**WORK ORDER**
Output all of the data exactly as it appears, but leave out any pictures it contains.

**GIVEN DATA**
──────────

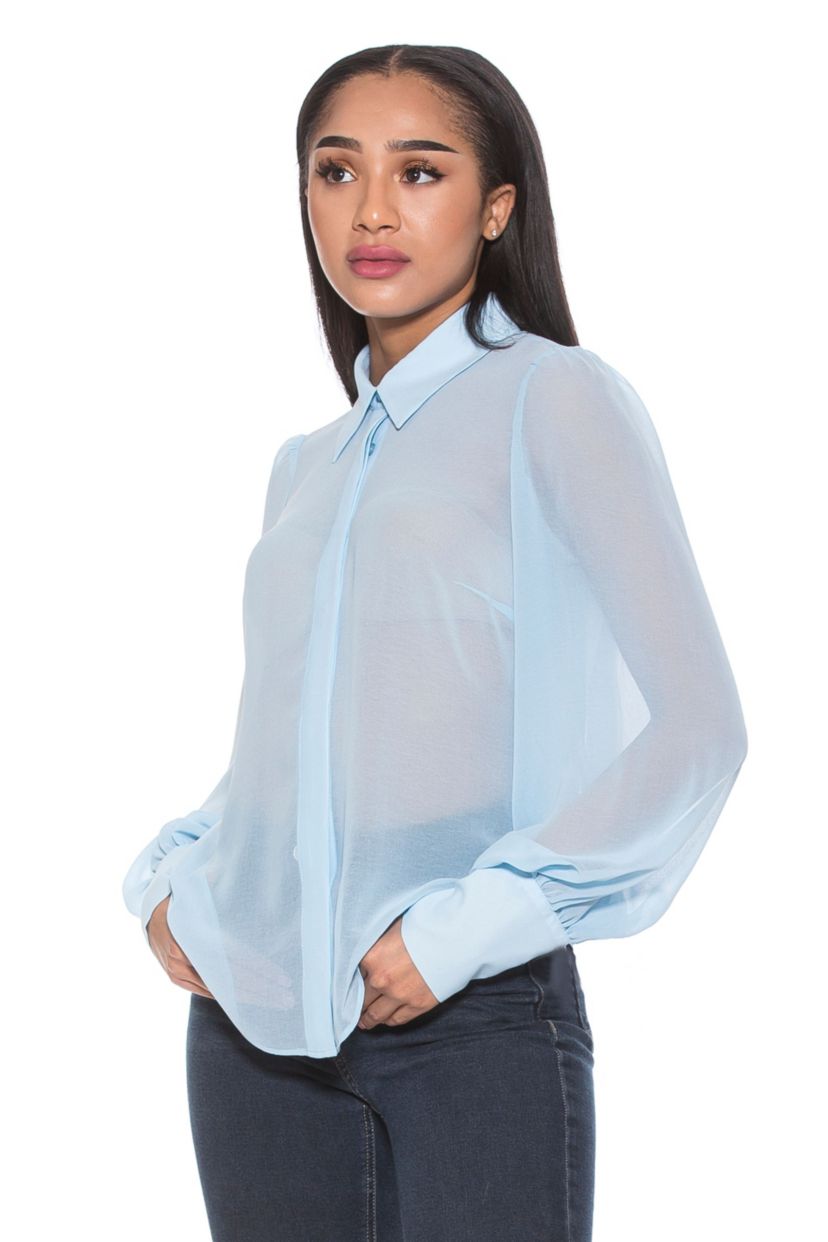 Zayn Collar Blouson Sleeve Sheer Blouse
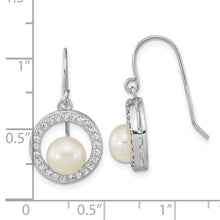 Load image into Gallery viewer, Sterling Silver Rhodium-plated 6-7mm Button FWC Pearl CZ Dangle Earrings
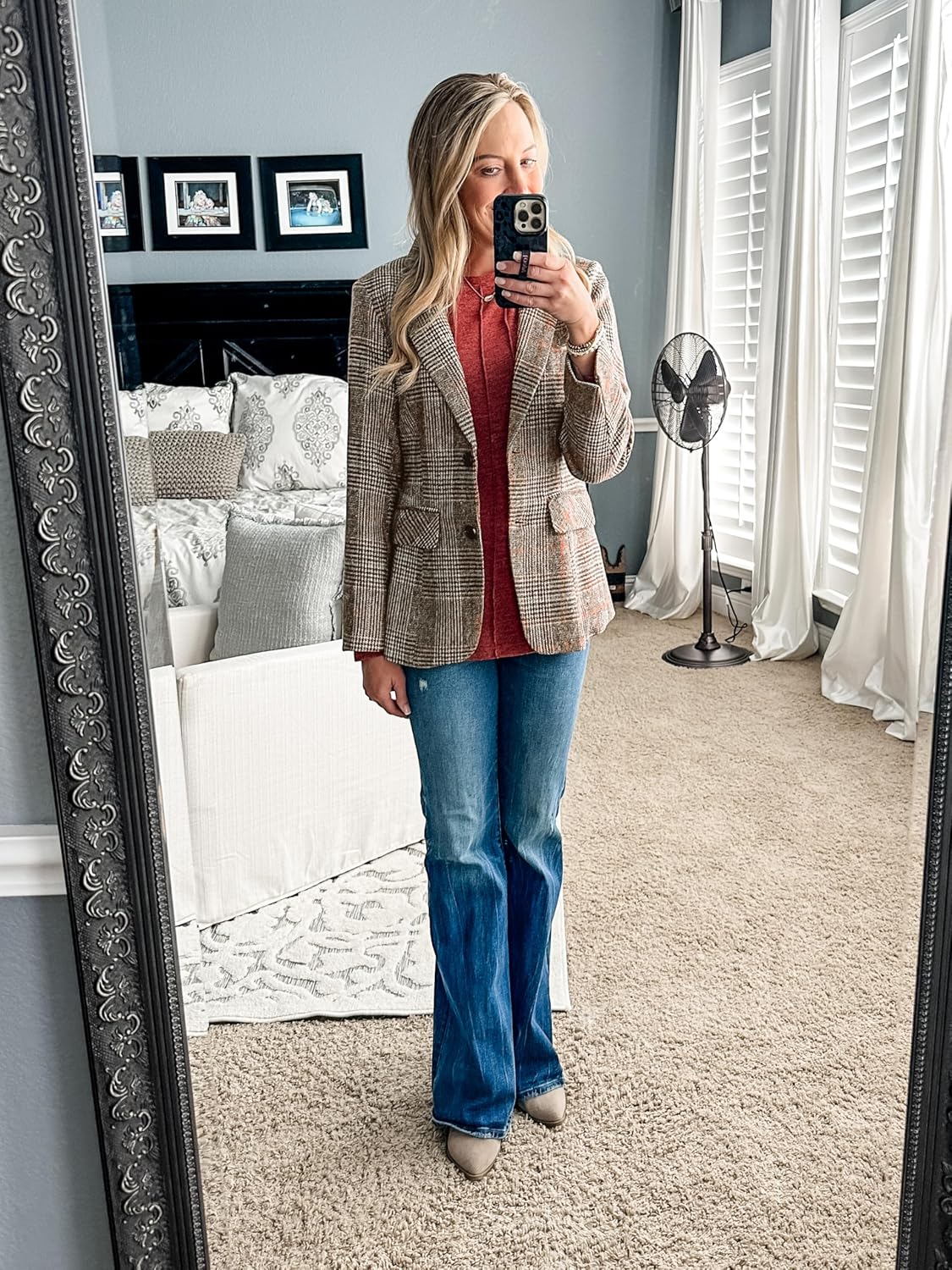 ELLEVEN Women's Lapel Collar Plaid 2 Button Boyfriend Blazer Suit Houndstooth Work Office Blazer Jacket - Image 5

──────────

**EXERCISE OUTPUT**
 Zayn Collar Blouson Sleeve Sheer Blouse
 Load image into Gallery viewer, Sterling Silver Rhodium-plated 6-7mm Button FWC Pearl CZ Dangle Earrings
 ELLEVEN Women's Lapel Collar Plaid 2 Button Boyfriend Blazer Suit Houndstooth Work Office Blazer Jacket - Image 5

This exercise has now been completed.